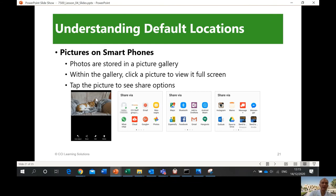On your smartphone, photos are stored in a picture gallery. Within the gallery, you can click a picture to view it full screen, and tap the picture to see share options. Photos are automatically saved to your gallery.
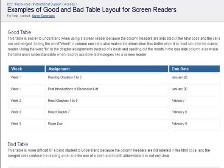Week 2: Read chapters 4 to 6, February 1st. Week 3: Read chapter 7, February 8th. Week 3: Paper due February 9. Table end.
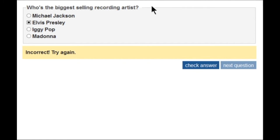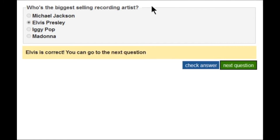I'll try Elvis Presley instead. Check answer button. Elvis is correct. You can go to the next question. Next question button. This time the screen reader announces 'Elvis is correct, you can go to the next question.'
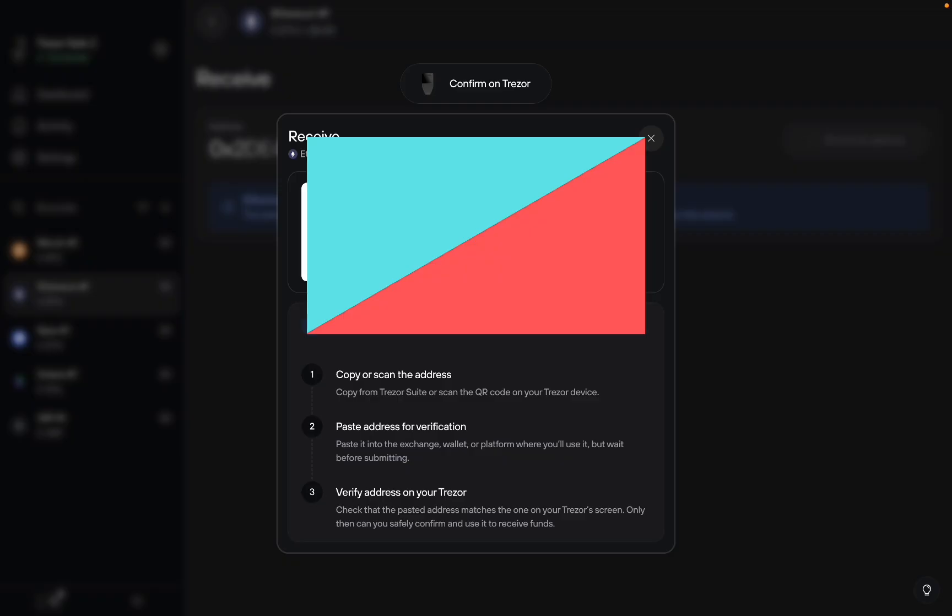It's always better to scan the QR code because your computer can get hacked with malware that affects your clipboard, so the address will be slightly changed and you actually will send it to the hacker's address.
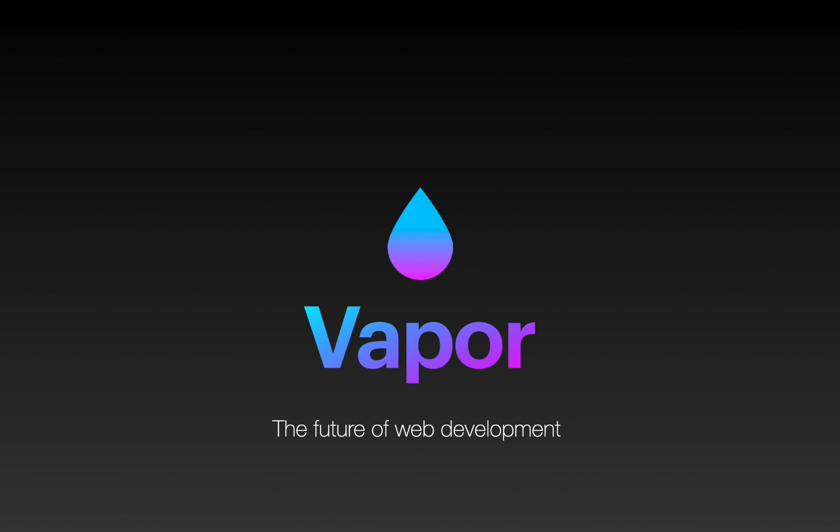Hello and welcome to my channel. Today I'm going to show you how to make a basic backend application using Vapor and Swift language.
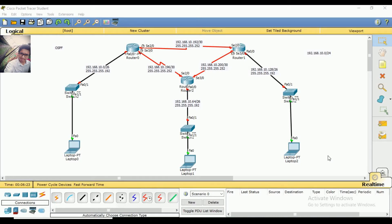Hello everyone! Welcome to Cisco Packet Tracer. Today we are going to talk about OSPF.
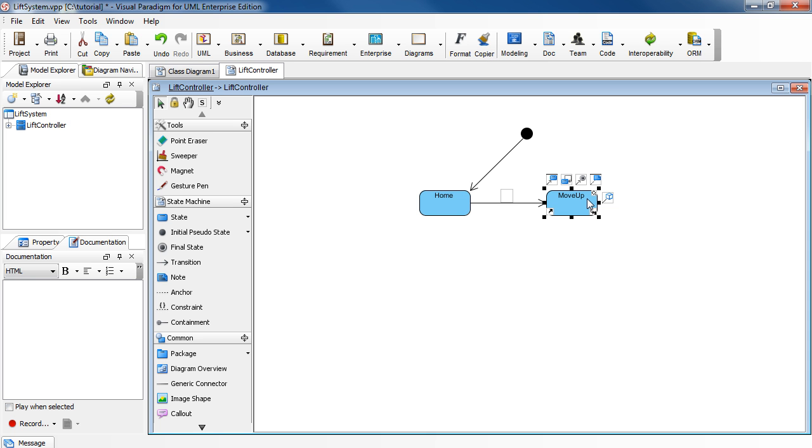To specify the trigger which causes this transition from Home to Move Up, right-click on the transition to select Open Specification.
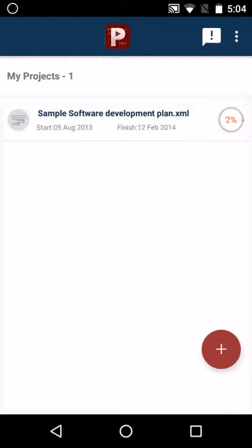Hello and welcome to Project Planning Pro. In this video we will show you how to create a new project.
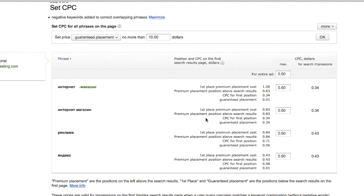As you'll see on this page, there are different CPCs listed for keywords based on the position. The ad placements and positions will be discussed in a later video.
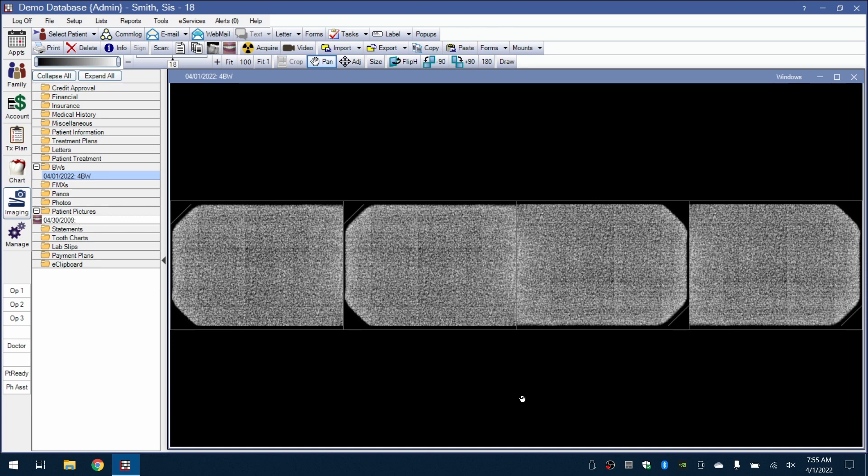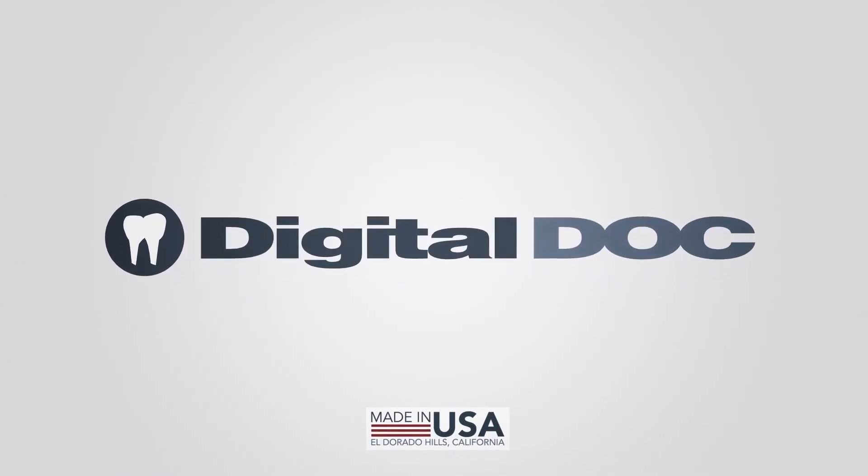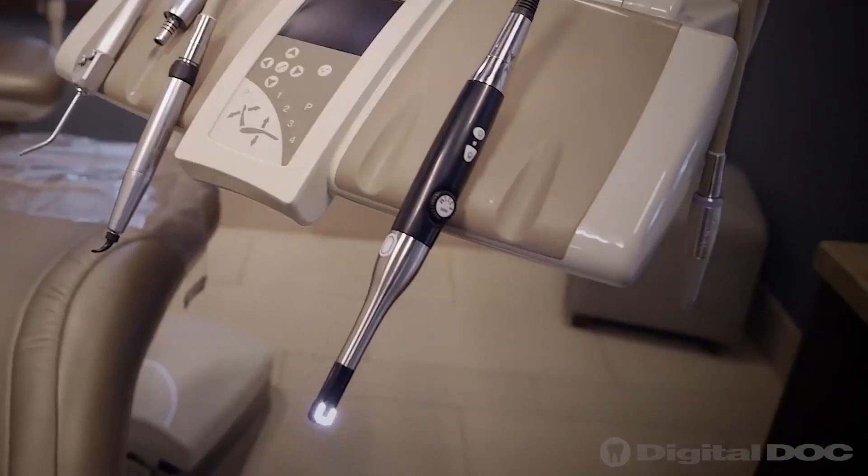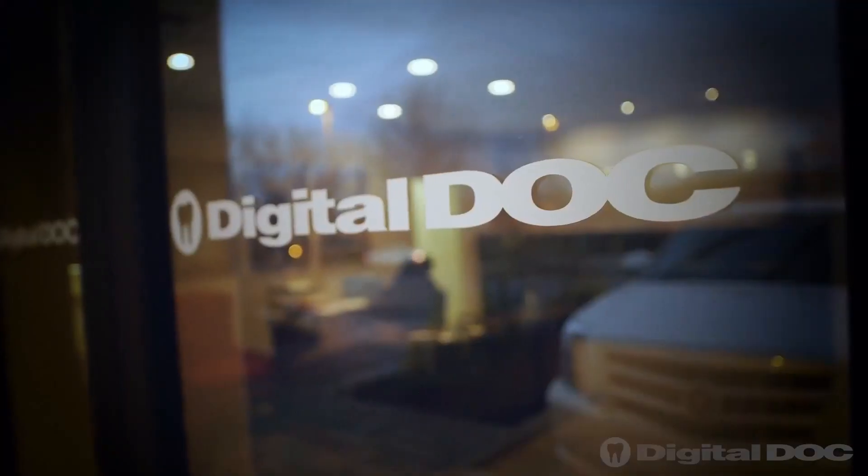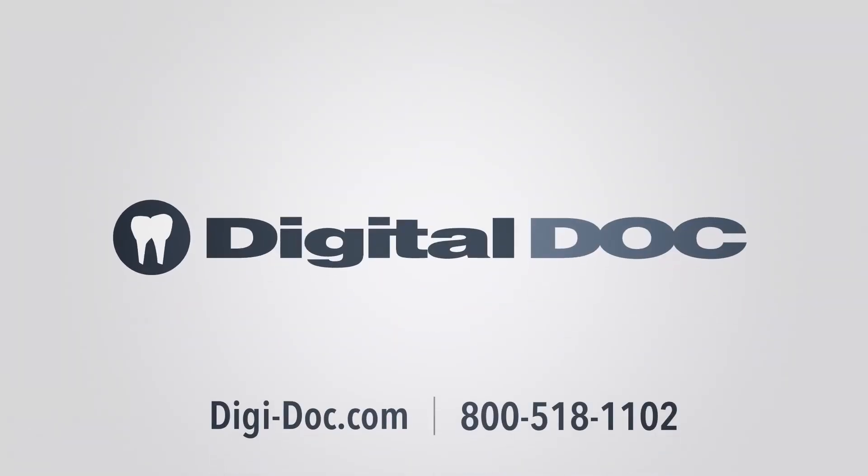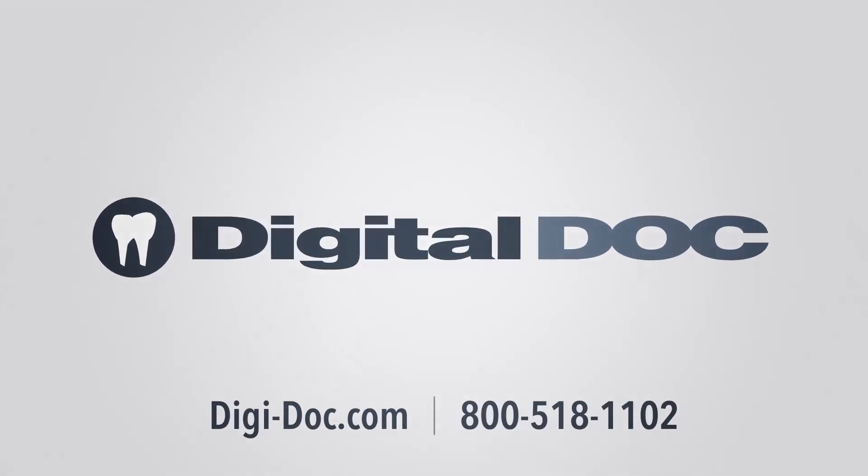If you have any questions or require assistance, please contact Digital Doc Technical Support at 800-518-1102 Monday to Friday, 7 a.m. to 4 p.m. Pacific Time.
...
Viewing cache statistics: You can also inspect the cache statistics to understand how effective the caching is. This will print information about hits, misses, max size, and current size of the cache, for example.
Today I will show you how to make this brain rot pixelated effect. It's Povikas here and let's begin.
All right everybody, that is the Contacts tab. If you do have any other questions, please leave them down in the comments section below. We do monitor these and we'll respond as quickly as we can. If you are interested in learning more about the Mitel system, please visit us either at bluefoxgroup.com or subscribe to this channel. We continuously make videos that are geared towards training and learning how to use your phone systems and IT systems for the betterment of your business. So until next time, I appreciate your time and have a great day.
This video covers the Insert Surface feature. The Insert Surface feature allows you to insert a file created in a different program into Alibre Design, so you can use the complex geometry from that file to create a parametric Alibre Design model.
==
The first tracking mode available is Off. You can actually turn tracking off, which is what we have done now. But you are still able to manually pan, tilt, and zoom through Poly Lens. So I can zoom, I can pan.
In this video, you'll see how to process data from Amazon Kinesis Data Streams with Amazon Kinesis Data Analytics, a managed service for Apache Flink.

[The problem]: What you return from the records above should be exactly everything from the line with "To specify the" down to the line with "If you have", both kept, and no pictures.

[Final answer]:
To specify the trigger which causes this transition from Home to Move Up, right-click on the transition to select Open Specification.
Hello and welcome to Project Planning Pro. In this video we will show you how to create a new project.
As you'll see on this page, there are different CPCs listed for keywords based on the position. The ad placements and positions will be discussed in a later video.
If you have any questions or require assistance, please contact Digital Doc Technical Support at 800-518-1102 Monday to Friday, 7 a.m. to 4 p.m. Pacific Time.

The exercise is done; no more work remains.